> WHAT TO DO
From the line containing "Double Life - Chapter" to the end of the records, print every line exactly, both ends included, and leave out the pictures.
---*---
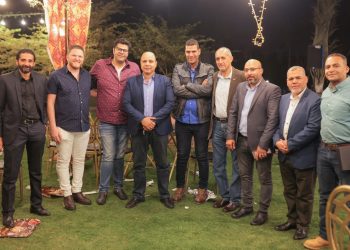 كونستك تستهدف توقيع عقود مقاولات بقيمة 5 مليارات جنيه خلال 2022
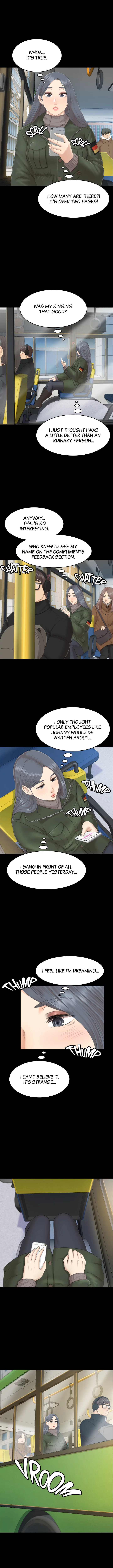 Double Life - Chapter 73 [photo 5] - MangaPorn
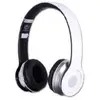 Rebeltec CRYSTAL - Écouteurs avec micro - sur-oreille - Bluetooth - sa...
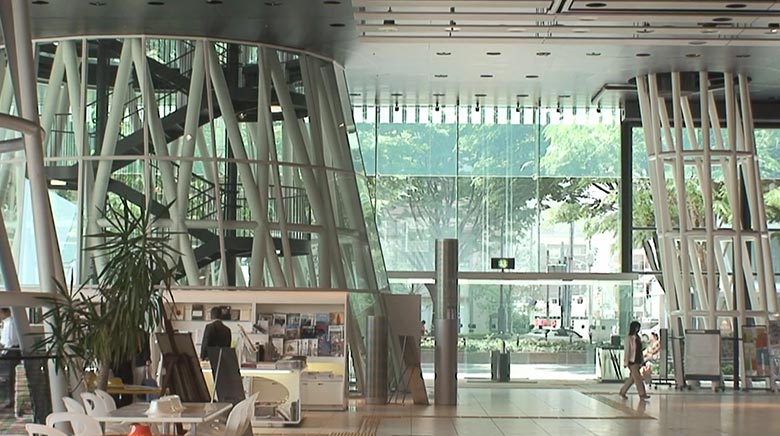 architecture of libraries secondary blog image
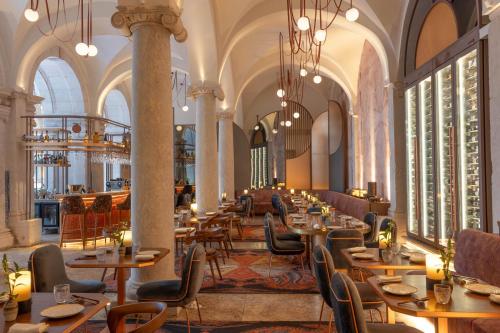 552522606 Convent Square Lisbon, Vignette Collection by IHG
---*---
> YOUR SOLUTION
 Double Life - Chapter 73 [photo 5] - MangaPorn
 Rebeltec CRYSTAL - Écouteurs avec micro - sur-oreille - Bluetooth - sa...
 architecture of libraries secondary blog image
 552522606 Convent Square Lisbon, Vignette Collection by IHG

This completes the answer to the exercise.